For instance, it launched a PGP course in agri-business management
last year; another, for executives, was launched this year. It
also offers a doctoral programme in management, some 70 short-term
management development programmes, and a faculty development programme
for teachers, researchers and trainers. The school will have around
800 students on the campus next year and the new courses will
help fill its coffers, too. The vision: to be among the top 20
business schools in the world by 2012. "In terms of our curriculum,
faculty and students, we are already among the best in the world,"
says Dholakhia. "Where we lack is global exposure and diversity."

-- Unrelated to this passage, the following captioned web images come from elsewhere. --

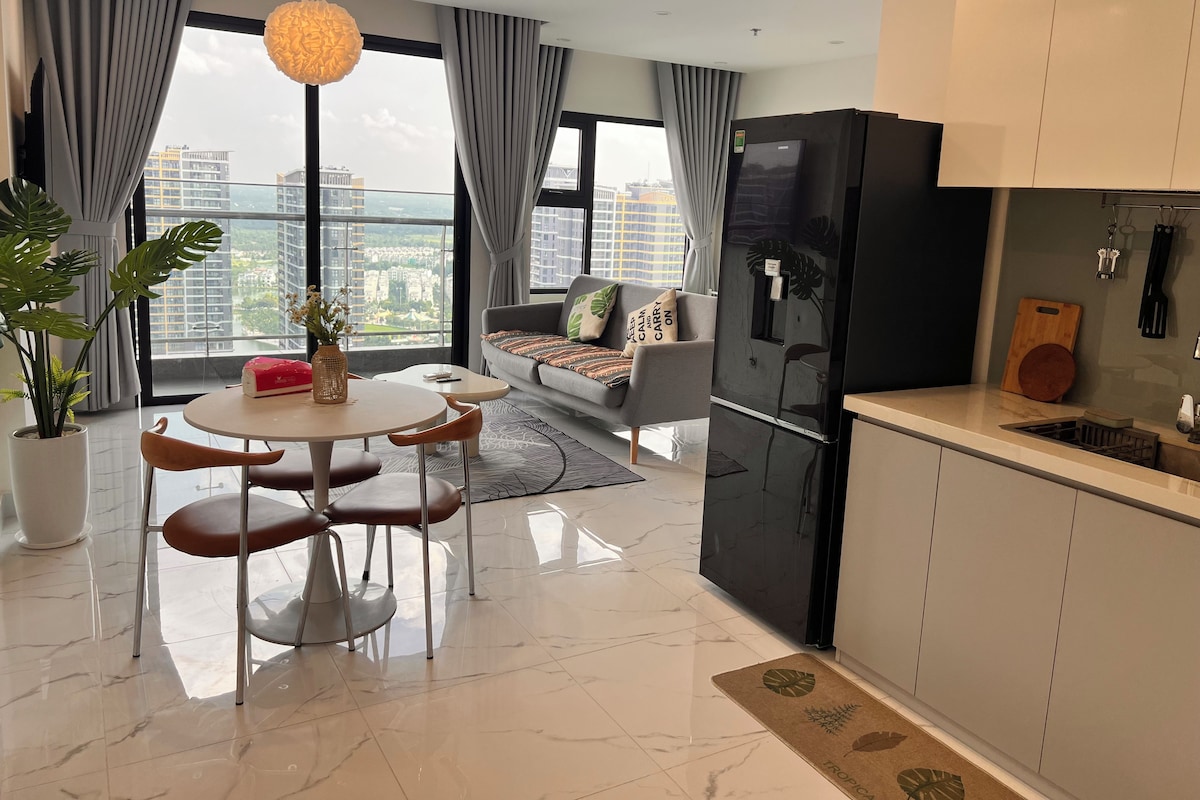 A modern living room with a sofa, dining table, and chairs, a kitchen with a refrigerator, and a large window with a city view.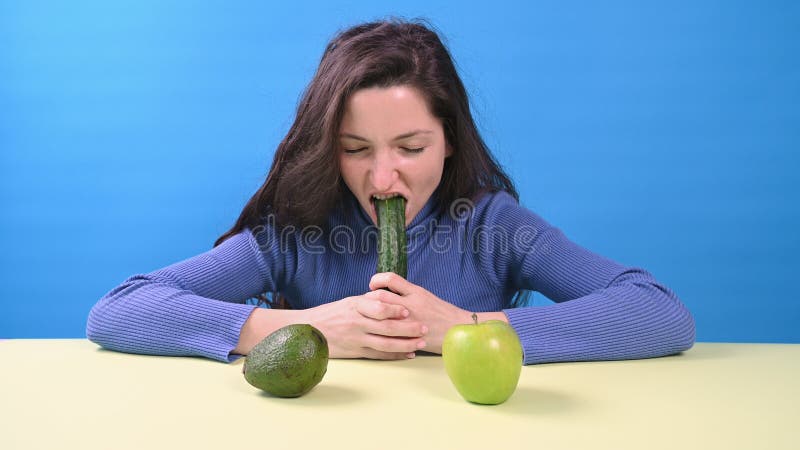 Ung lycklig kvinna som äter stor gurka på blå bakgrund. begreppet vegetarianism arkivbild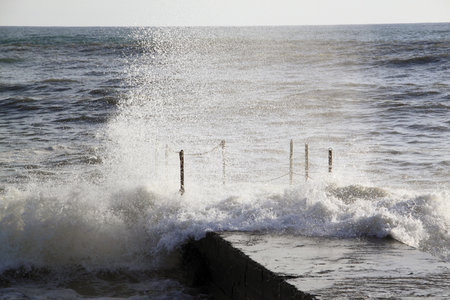 Sea waves breaking on a breakwater with sea foam and spraysの写真素材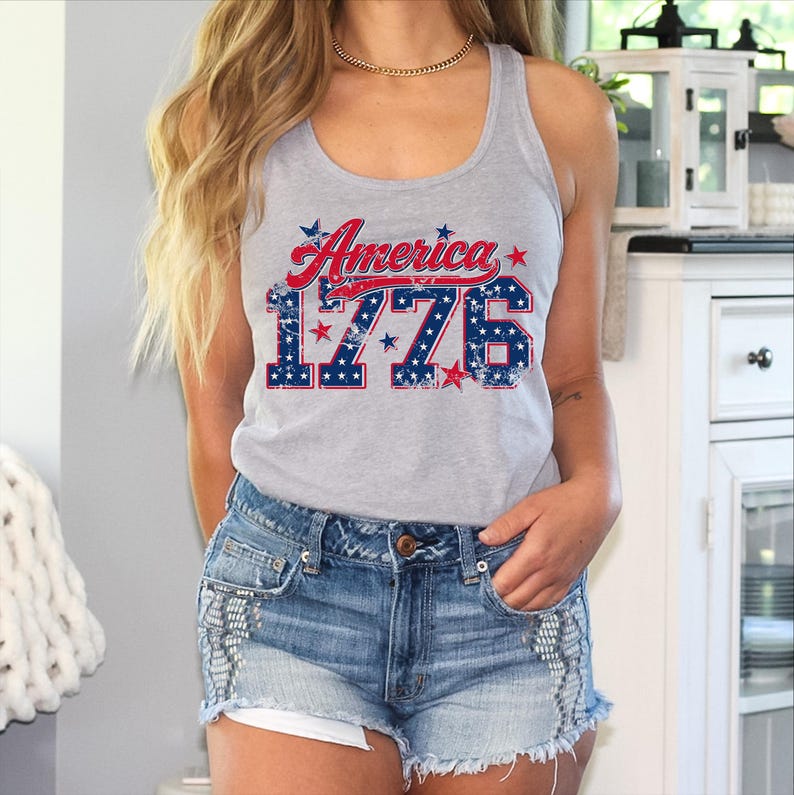 May include: A gray tank top with the text "America 1776" in red and blue. The text has a distressed, vintage look. The tank top is paired with denim shorts.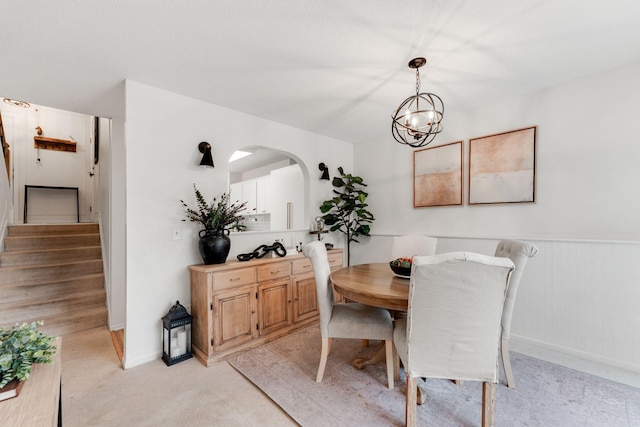 dining room with arched walkways, an inviting chandelier, stairs, light colored carpet, and baseboards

Already, IIM-A runs a comprehensive exchange programme with some
35 global business schools. Every year, one-fourth of the PGP
batch spends one term at these schools and in return, their students
come to IIM-A. The school is also launching a double degree programme
with France's ESSEC Business School and it has forged an alliance
with Duke Corporate Education (us) to provide customised corporate
education programmes to managers. "We will not set up our
independent centres overseas till we are able to garner resources,
like infrastructure and faculty," says Dholakhia. "Any
gap there would dilute our brand equity."
IIM-A loyalists, though, point to certain
gaps that the institute should plug while moving towards achieving
its larger goals. "Innovation and introduction of new courses
should happen at a faster pace," says Warburg's Prasad. "IIM-A
still doesn't have a comprehensive set of courses on practical
aspects of capital markets and on investing as a profession."
Genpact's Tyagrajan believes the school doesn't do enough to build
soft-skills. "Management education in India doesn't lay much
focus on people management. Skills like managing an older team,
taking touch decisions like sacking should be taught seriously."
And ICICI Bank's Puri-Buch believes that since it is undoubtedly
the leader in its space, IIM-A should start emphasising the need
for significant work experience before an MBA. "Practical
experience helps understand theory better. This partly explains
why graduates from Harvard or Wharton are considered superior
to their Indian counterparts." Then, Dholakia and his team
are not oblivious to these realities. "We know that if brand
IIM-A has to rule the market, it will have to innovate and evolve
constantly. We are at it," says Dholakia. "Always."